Clinicians can stay ahead of this problem through careful monitoring of the patient’s viral load and altering drug combinations when a particular medication begins to fail.
With increasing numbers of HIV antiretrovirals to choose from and more than 1,800 combination possibilities, clinicians may find it difficult to select the most effective combination that can be tolerated by patients, McCreedy says.
"The second challenge is: How do you plan therapies for patients who begin to fail on a first regimen or don’t tolerate it?" he adds. "So the challenge is not only to find molecules that are active against resistant viruses; the challenge is how to put a combination of drugs together that may allow options after the first failure."
When HIV drugs are used correctly, they are potent and will suppress the virus. This means patients need to be closely monitored and then switched to a new fully active set of drugs as soon as the first combination begins to fail, D’Aquila says.
Physicians who follow this pattern will have patients who do much better on antiretrovirals, and they’ll avoid major problems with resistance, he adds.
Soon, clinicians routinely will use resistance tests to determine which drugs are failing in a combination therapy. Previously, if a patient was on a three-drug regimen and the clinician saw viral replication return, then he or she would assume that none of the drugs had any activity against HIV, says Robert Schooley, MD, head of the infectious disease division of the University of Colorado in Denver.

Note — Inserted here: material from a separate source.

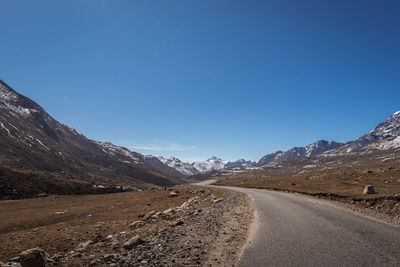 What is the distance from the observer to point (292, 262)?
8008 mm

"We now know that if you follow a patient’s viral load closely, the drugs fail sequentially, and that it might well be the case that in a three-drug regimen you have resistance only to one of the drugs," Schooley says. "And that means the other two drugs can still be used in the future in treating that patient."
Being able to salvage drugs will be very important as patients live longer with the disease, he adds.
Clinicians also play an important role in educating patients about HIV prevention and medication adherence.
Researchers say most drug failures occur because patients did not adhere to their combination therapies. When the virus has even short-term breaks from antiretroviral drugs, it can begin to replicate and mutate into strains that are no longer affected by those drugs.
"When you have previously HIV drug-naive patients come into treatment and receive a drug regimen they can tolerate, then I would say 80% to 90% of these people are able to have their virus suppressed," Kuritzkes says. "The failures are in general caused by problems with medications where people have difficulty adhering to their medication regimen."